Advisor for intellectual property and technology transfer

    • Dr. Shu-Jan Chen: Dr. Chen is an expert in IP and technology transfer and had joined several biotech companies in US. Dr. Chen also assisted several successful technology transfers in Academia Sinica.
Goals and Plan

Advanced ovarian cancer is eligible for the preferential measures of FDA for orphan disease. Thus, after submitting the IND application, we will focus on advanced ovarian cancer as the first indication for clinical development of FnCTP-BsAb and FnCTP-MNC-Herceptin to seek “Fast Track” or “Breakthrough Therapy” designation by FDA. Once one of the prototype products is proven successful, a series of new products will be developed as the expansion of concentric circles by conjugating a variety of anti-cancer agents to the FnCTP platform.

Entry Barrier

CTPs developed by our team can not only recognize more than 11 types of cancer (> 40 cancer cell lines) but also cancer stem cells, without binding to normal cells. Thus, FnCTP-conjugated drugs can treat a broader-spectrum of cancers with greater safety profile than the usual anti-cancer antibodies, which only target to single cancer-associated antigen. Serving as the “warhead”, the FnCTPs can be conjugated to various “payloads”, including BsAb, anti-cancer small molecules, radio-isotopes, liposomal drugs, antisense oligo/siRNA, and CAR-T, etc., to develop a new generation of “one for all” cancer therapeutics.

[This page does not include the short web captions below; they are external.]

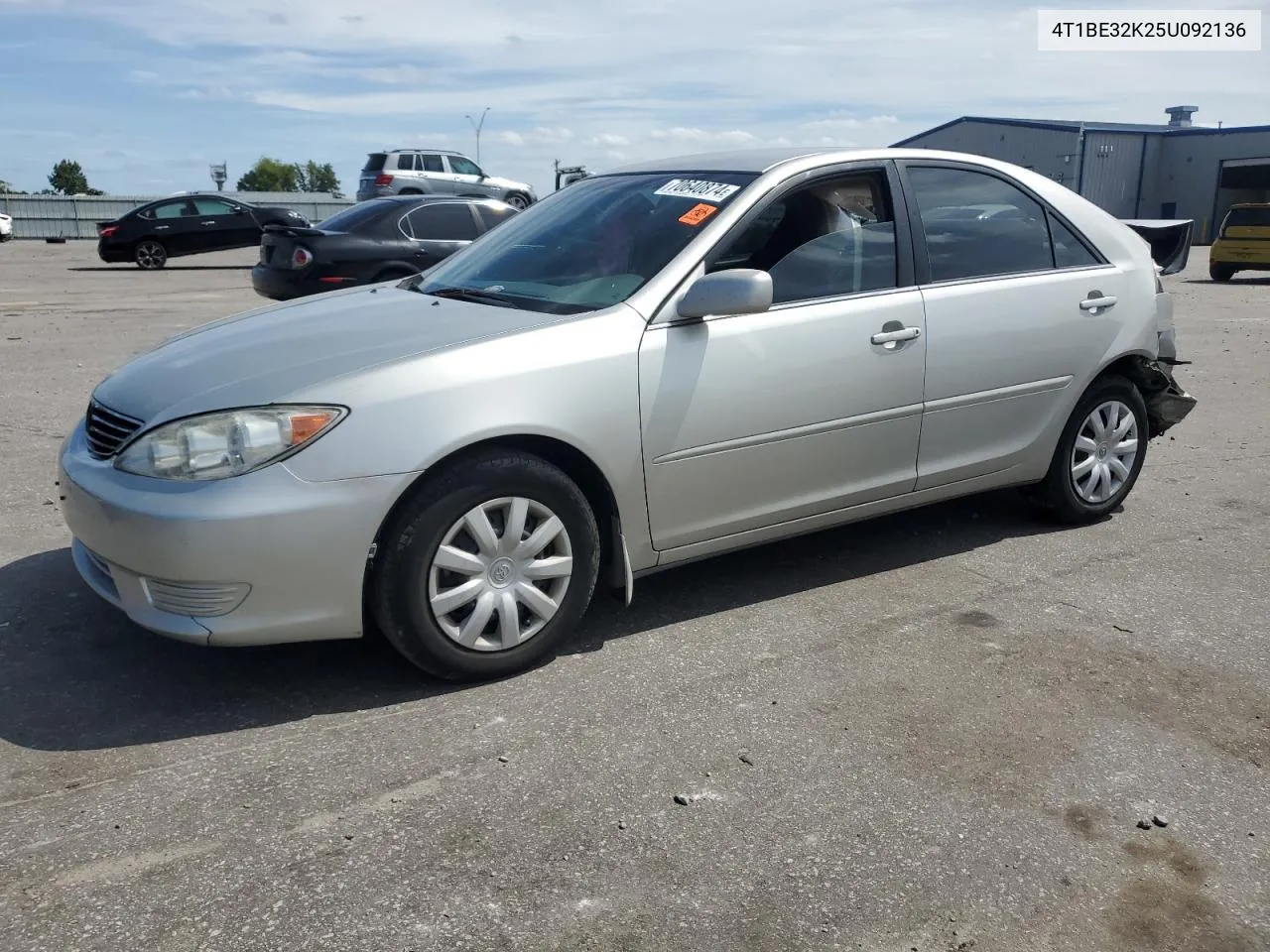 2005 Toyota Camry Le VIN: 4T1BE32K25U092136 Lot: 70640874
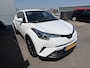 Toyota C-HR / C-HR+ 1.2 Active 116PK Zeer nette dealer onderhoudenincl: LM velgen, Navi, Adaptive Cruisecontrol, Trekhaak trekgewicht 1.300KG
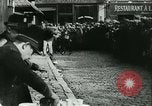 Standbild jährliche Wein Rennen Paris Frankreich, 1931, aus Sekunde 15 historischem Filmmaterial Videoclip 65675022474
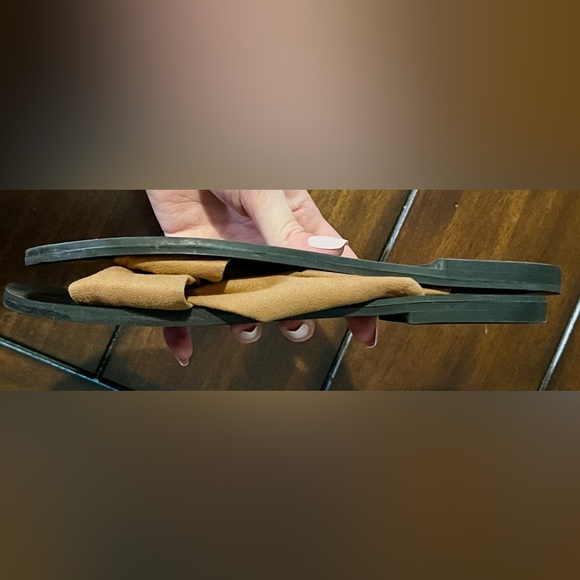 Wonderly Garland Tan Fabric Twist Sandals – Size 6M - Picture 6 of 7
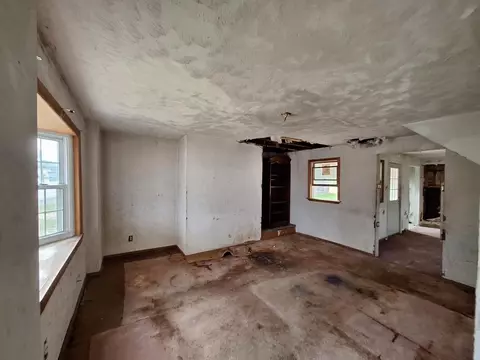 446 Wendel Rd, Irwin, PA 15642 photo 10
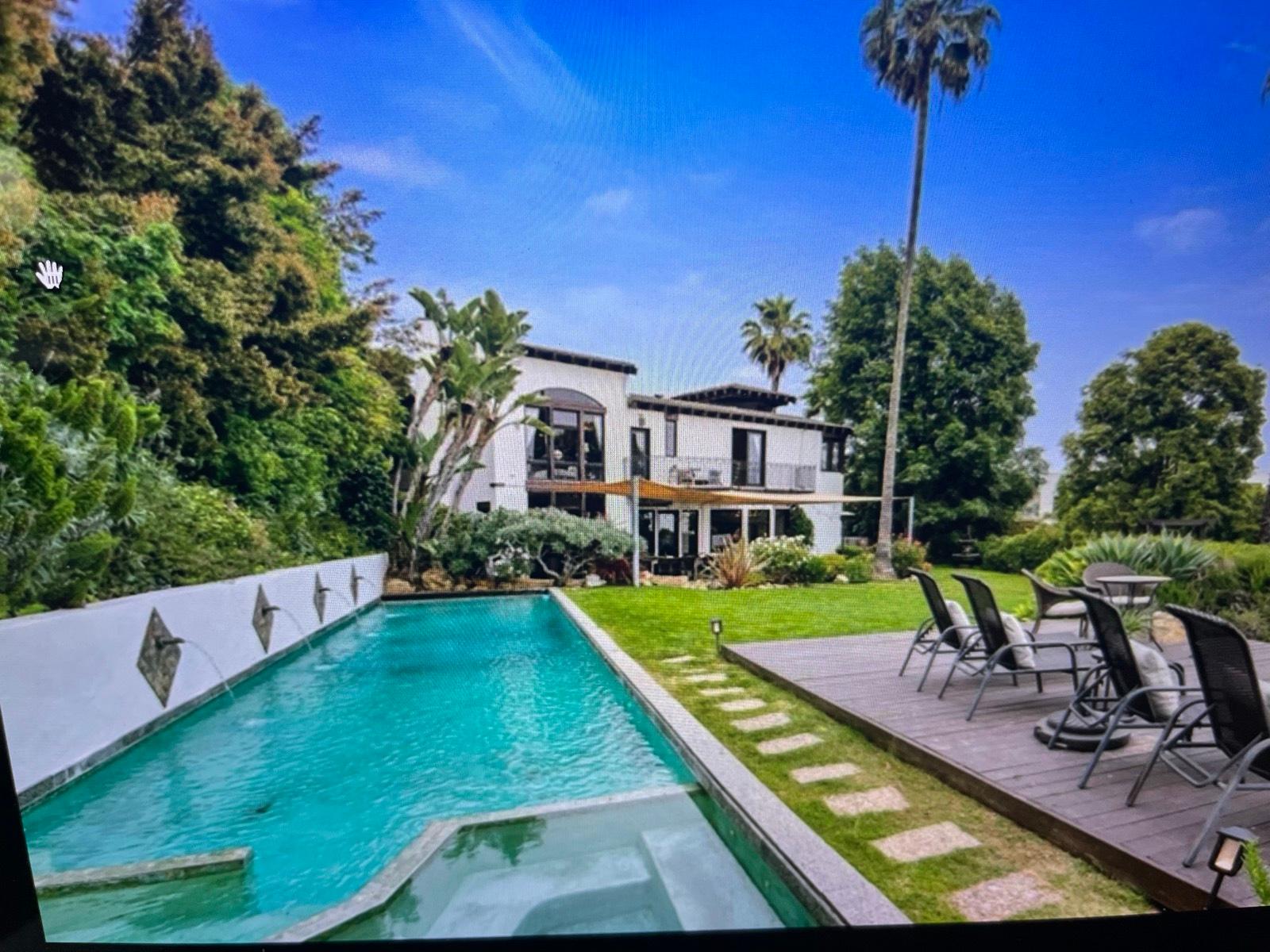 CC STUNNING VIEW HOME — photo 1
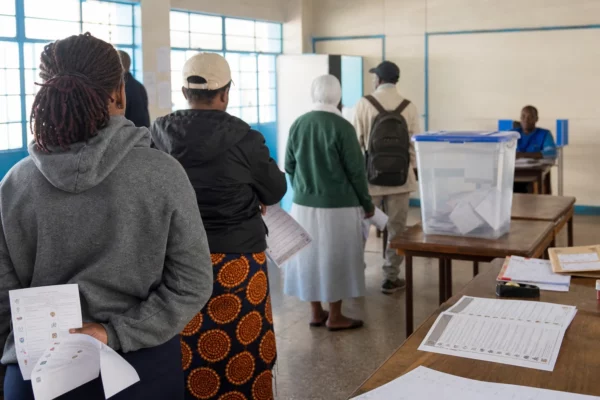 À Nairobi, l’opposition kényane montre sa force et relance la bataille pour la présidentielle de 2027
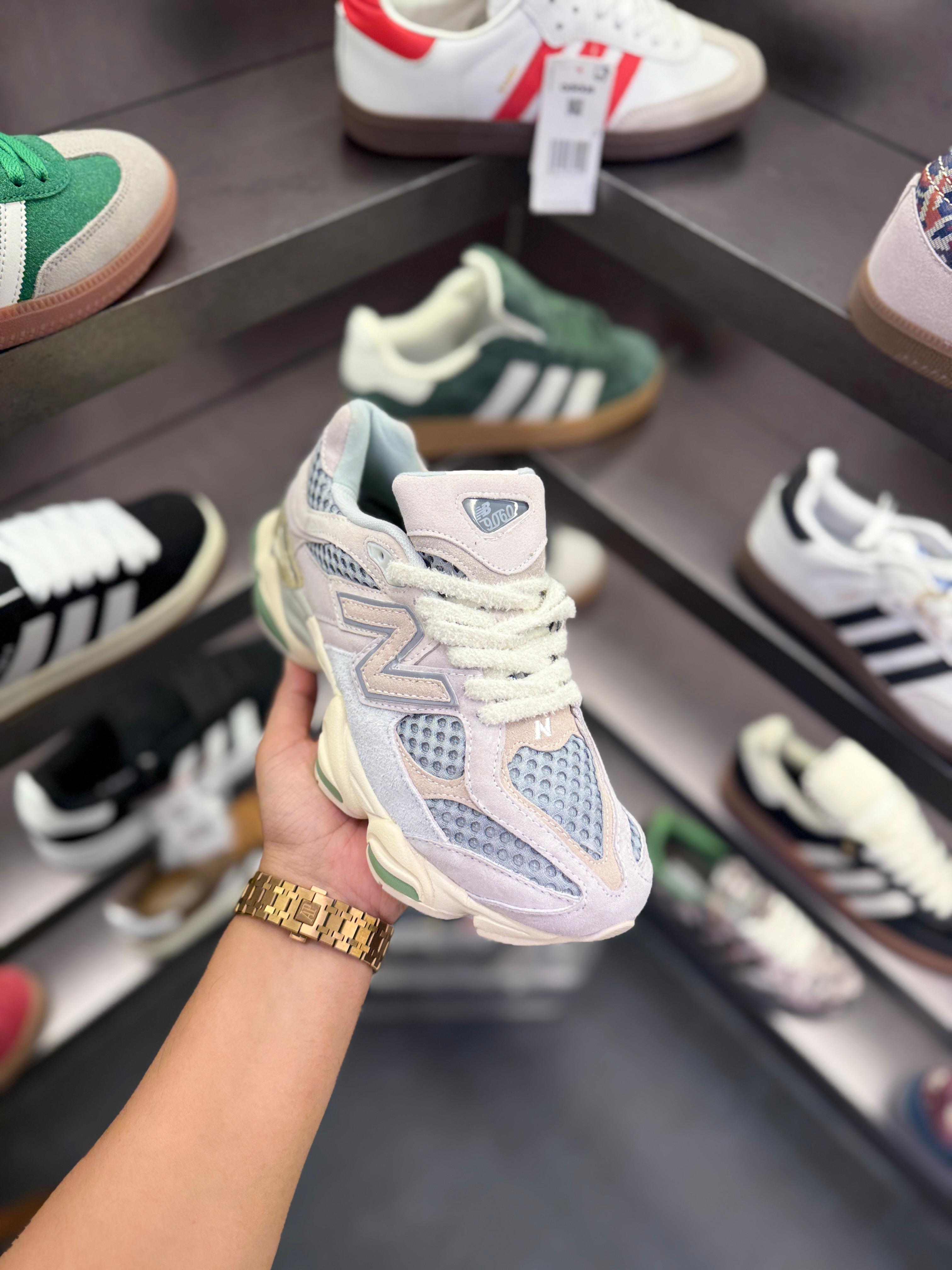 NB 9060 WOOD AND BRICK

The asymmetric bispecific IgG antibody platform developed by DCB can enhance the half-life and the production yields. After conjugation with FnCTPs, the anti-CD3 BsAb only activates T-cells upon targeting to the cancer cells. The MNC loaded with Herceptin has demonstrated a longer blood half-life than Herceptin. Conjugation of MNC-Herceptin with FnCTP will further enhance the intra-tumoral Herceptin concentration, thereby achieving a greater anti-cancer efficacy at reduced Herceptin dosage, with less adverse effects.

Market Scope

The major focus of global biopharmaceutical industries is antibody drug. It is estimated that for 2016, six of the top 10 best sellers of global pharmaceuticals are antibody drugs. However, most antibody drugs can only target a particular cancer-associated antigen, which limits its application in cancer treatment. The FnCTP-BsAb developed by our team is a first in class product that can not only treat a broader-spectrum of cancers, but also eliminate cancer stem cells. Under patent protection, the characteristics of FnCTP-BsAb is superior to the current antibody drugs on the market, and will likely replace the traditional monoclonal antibodies in the markets of ovarian, gastric and lung cancer.

So far, ovarian cancer is not an approved indication for Herceptin. However, CTP-MNC-Herceptin will enhance delivery of Herceptin to tumors leading to greater inhibition of ovarian cancer with less adverse effect, suggesting its potential for market exclusivity. Its indication can be expanded to HER2+ gastric and breast cancer, which may exceed market share of Herceptin.